Root Causes of Human Trafficking and Slavery in Parts of the Mercy World
This year the MIA-Global Action group ‘Opposing Human Trafficking’ is exploring ways to expand their mandate, to encompass issues related to the ‘Displacement of Peoples’. During a recent conference call meeting, participants agreed to share the root causes underpinning human trafficking in their countries. In this compilation, reflecting some of the responses received, it is possible to identify similarities and differences in the causes that facilitate human trafficking. A follow up article will reflect the connections between systemic injustices, giving rise to the root causes of the Displacement of Persons.
Participants responded to the following question:
What are the root causes of human trafficking and slavery in your country e.g. poverty, inequality, legal, social and economic issues?

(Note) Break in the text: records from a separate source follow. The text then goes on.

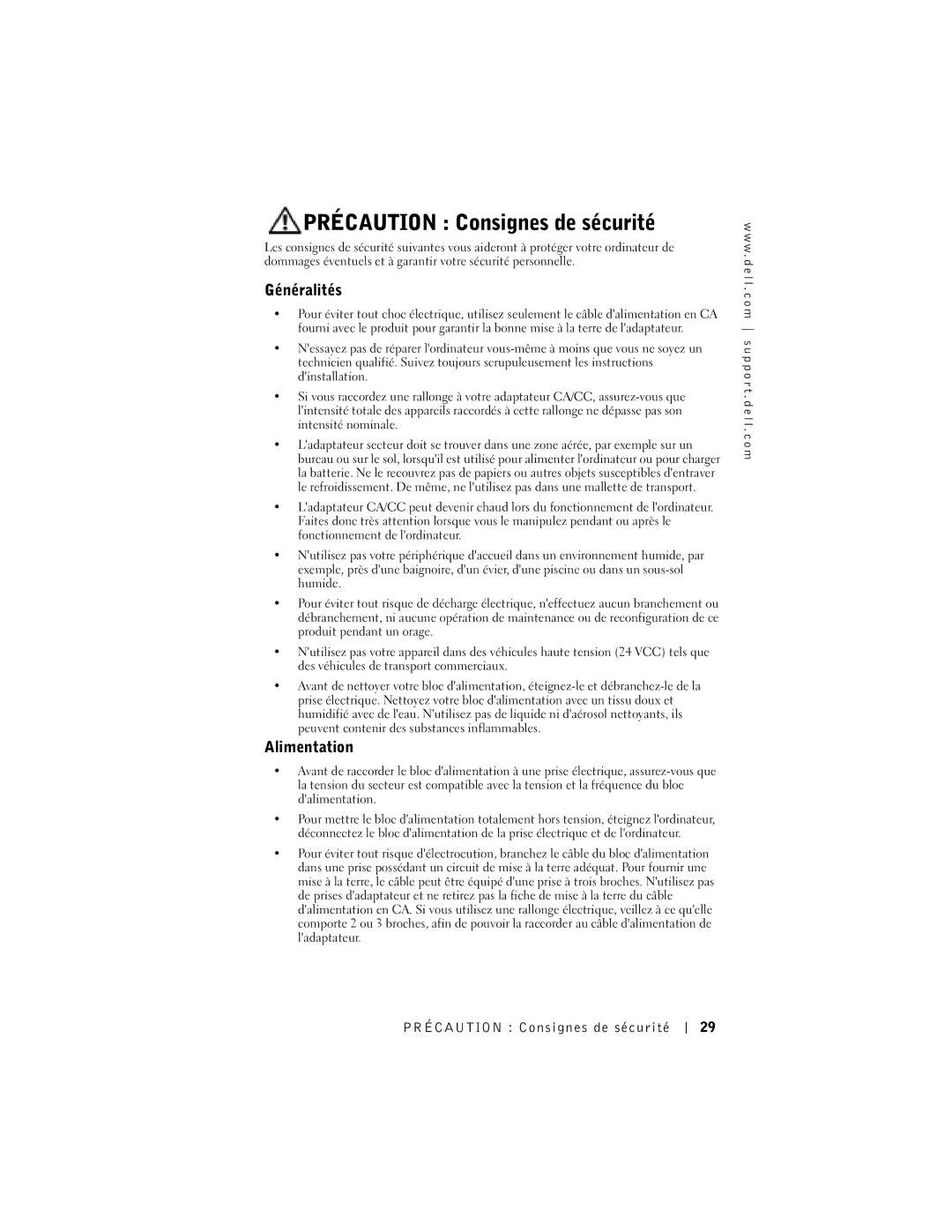 Dell 65-W AC/DC manual Précaution Consignes de sécurité, Généralités, Alimentation 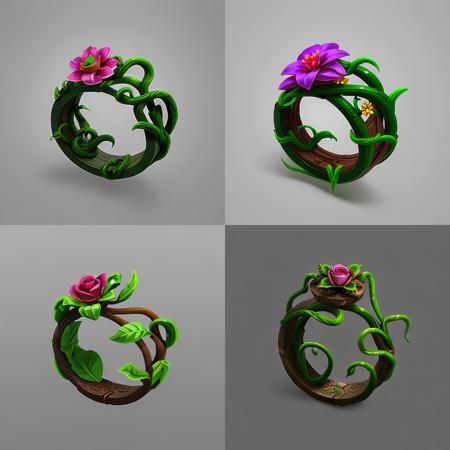 {Intricate magic ring made of vines} , cartoon, flower, game icon (masterpiece)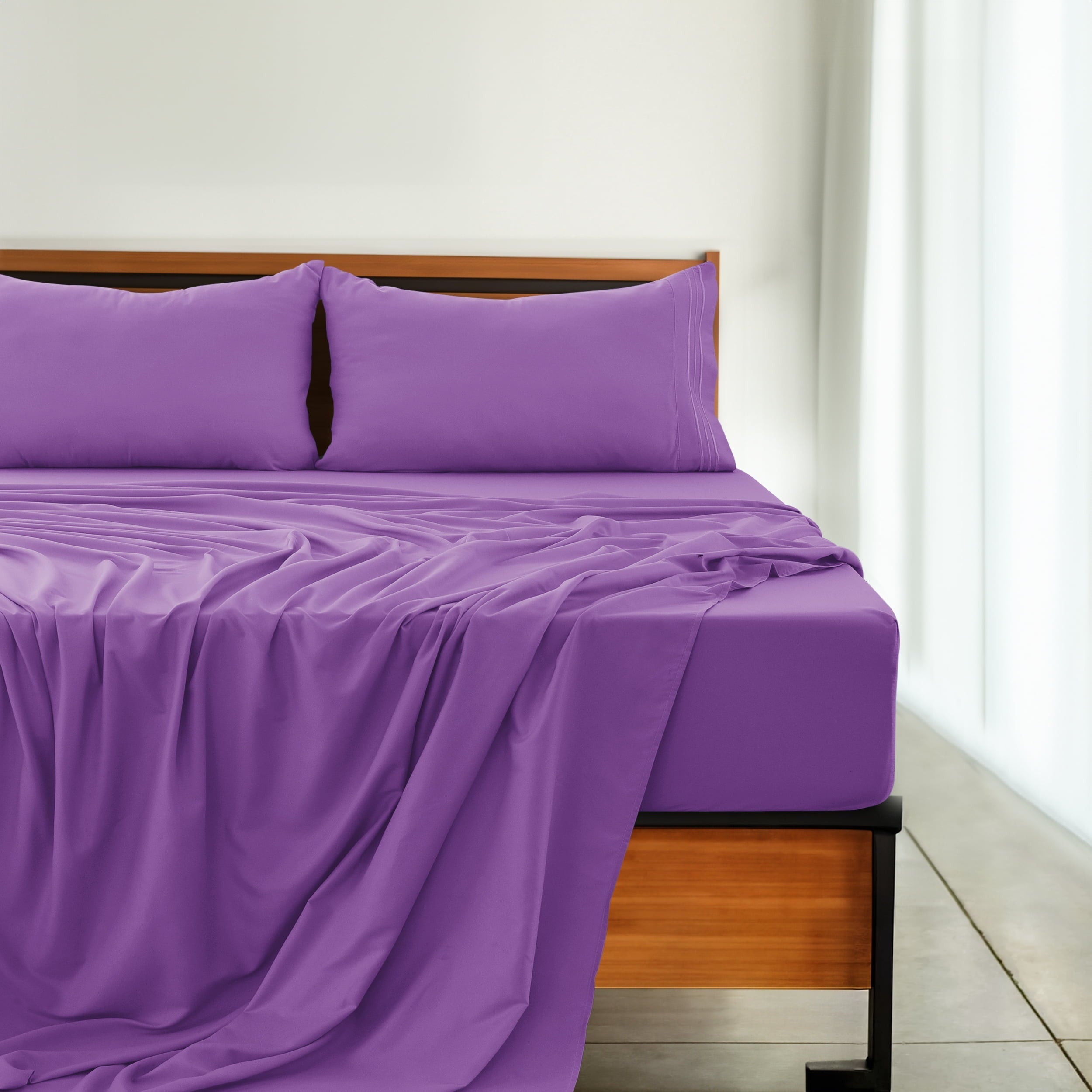 Wrinkle-Resistant Queen Size Sheets Set Brushed Microfiber High GSM, 4 Piece Sheet Set Upto 16 Inches Deep Pocket Bedding Sheets & Pillow - Breathable Egyptian Cotton Flat & Fitted Sheets Detail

Colleen Wilkinson rsm the Coordinator of Mercy House in Pretoria, South Africa (SA), responded to the question from her experience of accompanying rescued women participating in the Mercy House programme. They travel from Thailand, Lesotho, Swaziland and Zimbabwe to South Africa seeking a better life or to escape poverty, as they are desperate to find employment. Those trafficked within the country also move in the hope of finding work but frequently are offered a ‘false job’. This makes them vulnerable to being abducted, or to being trapped in brutal situations because of their addiction to drugs.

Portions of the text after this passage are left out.